"""

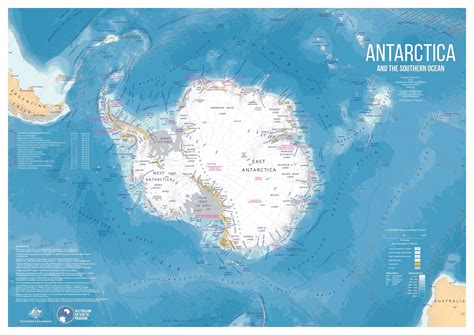 map of the world southern ocean
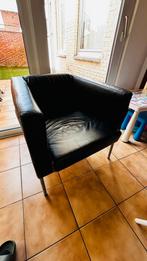 Fauteuil in namaak leder, Ophalen, Gebruikt, Modern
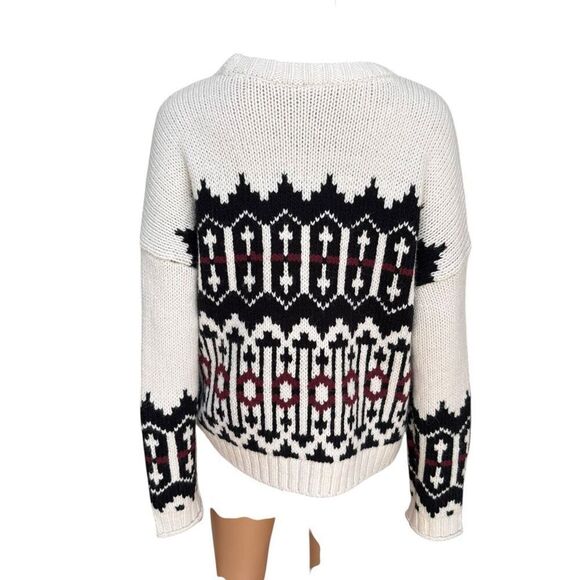 Lou & Grey Fair Isle Slouchy Sweater Size S - Picture 6 of 9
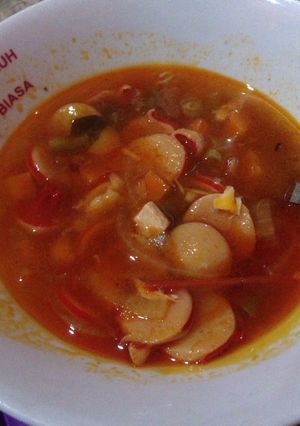 Foto resep Sup Merah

"""

*WHAT YOU ARE ASKED TO DO*:
The job here is to retype the data exactly, with no pictures included.

*TASK RESULT*:
 map of the world southern ocean
 Fauteuil in namaak leder, Ophalen, Gebruikt, Modern
 Lou & Grey Fair Isle Slouchy Sweater Size S - Picture 6 of 9
 Foto resep Sup Merah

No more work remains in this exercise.